ACTIVITY :: In the entries below, find the line with "por Alejandro Zendejas." and transcribe it and every line after it exactly, through the last line, without pictures.

RECORDED INFORMATION ::
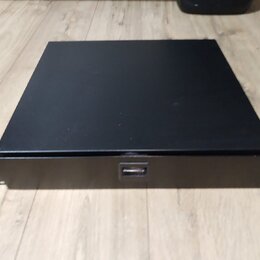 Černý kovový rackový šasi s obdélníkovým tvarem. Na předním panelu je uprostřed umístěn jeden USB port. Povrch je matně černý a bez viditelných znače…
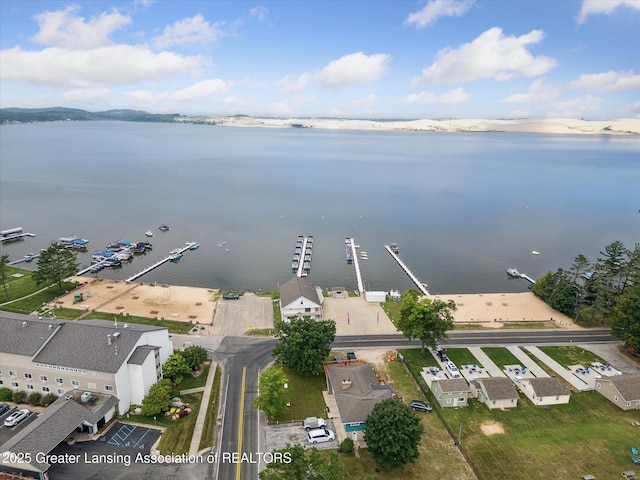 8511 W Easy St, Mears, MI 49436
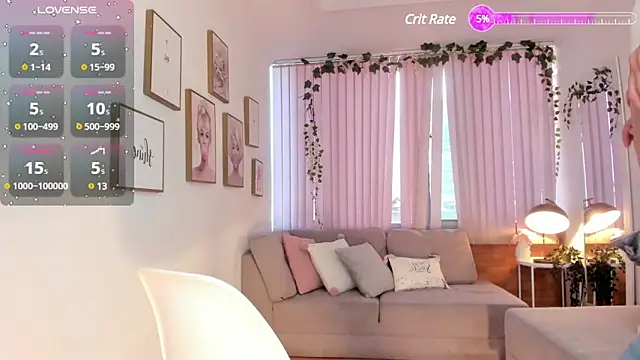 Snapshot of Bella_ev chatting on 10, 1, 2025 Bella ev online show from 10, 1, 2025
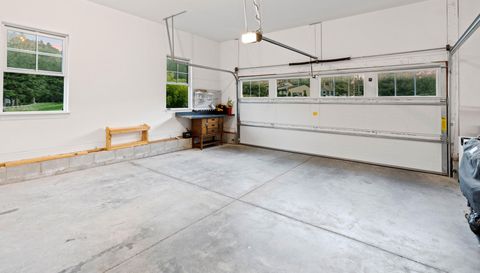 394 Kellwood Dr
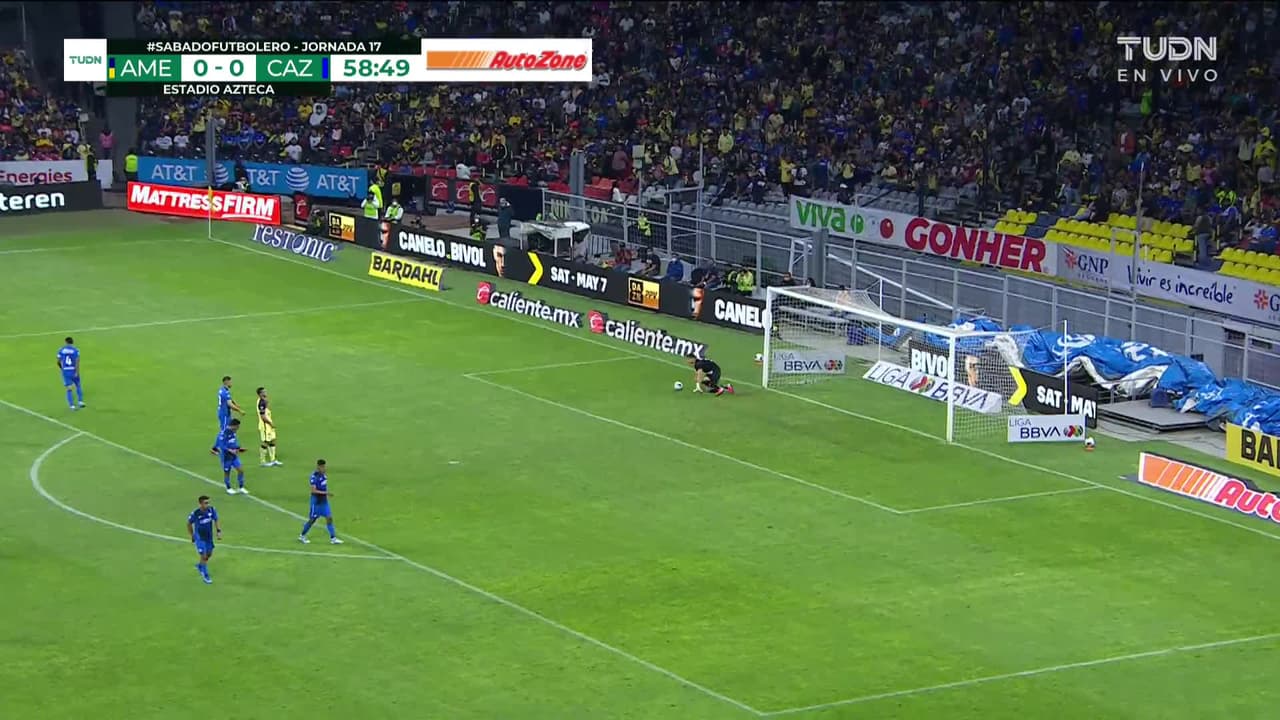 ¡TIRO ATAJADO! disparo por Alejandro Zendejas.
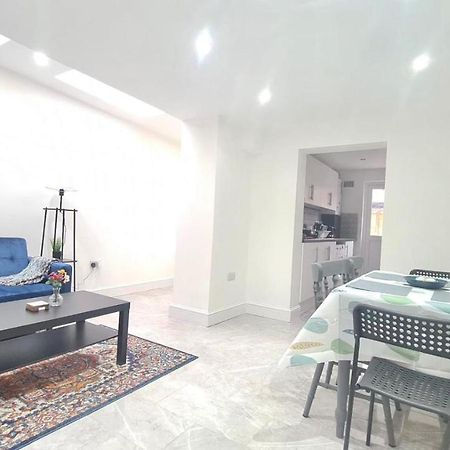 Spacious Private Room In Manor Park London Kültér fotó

WRITTEN SOLUTION ::
 ¡TIRO ATAJADO! disparo por Alejandro Zendejas.
 Spacious Private Room In Manor Park London Kültér fotó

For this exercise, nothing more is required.